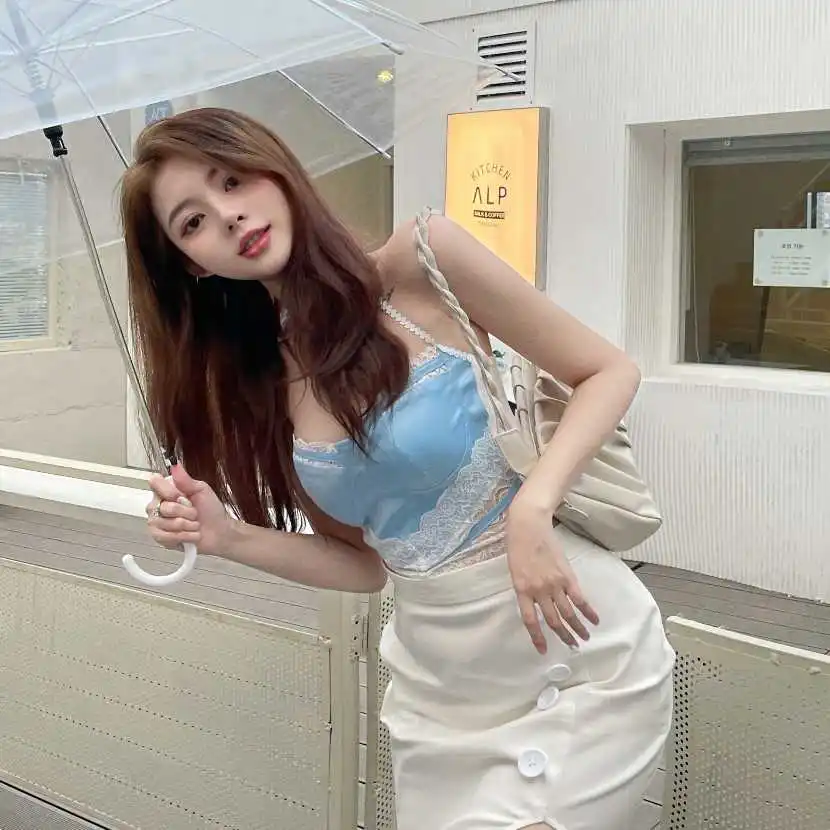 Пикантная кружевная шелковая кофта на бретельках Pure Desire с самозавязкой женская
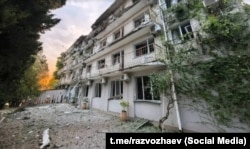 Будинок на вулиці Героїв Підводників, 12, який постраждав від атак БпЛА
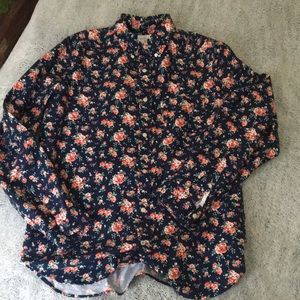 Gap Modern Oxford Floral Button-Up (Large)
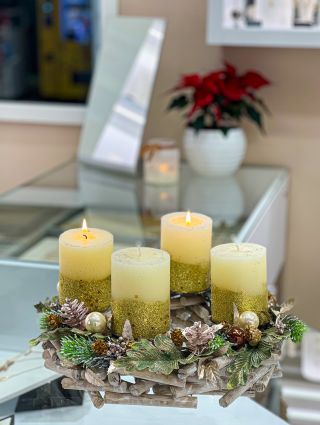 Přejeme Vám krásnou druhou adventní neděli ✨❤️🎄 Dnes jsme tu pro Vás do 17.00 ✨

> **Task requirements**
The lines from the one containing "Будинок на вулиці" through the last line above are to be repeated exactly, and only those. Any pictures must be left out.

> **Result**
 Будинок на вулиці Героїв Підводників, 12, який постраждав від атак БпЛА
 Gap Modern Oxford Floral Button-Up (Large)
 Přejeme Vám krásnou druhou adventní neděli ✨❤️🎄 Dnes jsme tu pro Vás do 17.00 ✨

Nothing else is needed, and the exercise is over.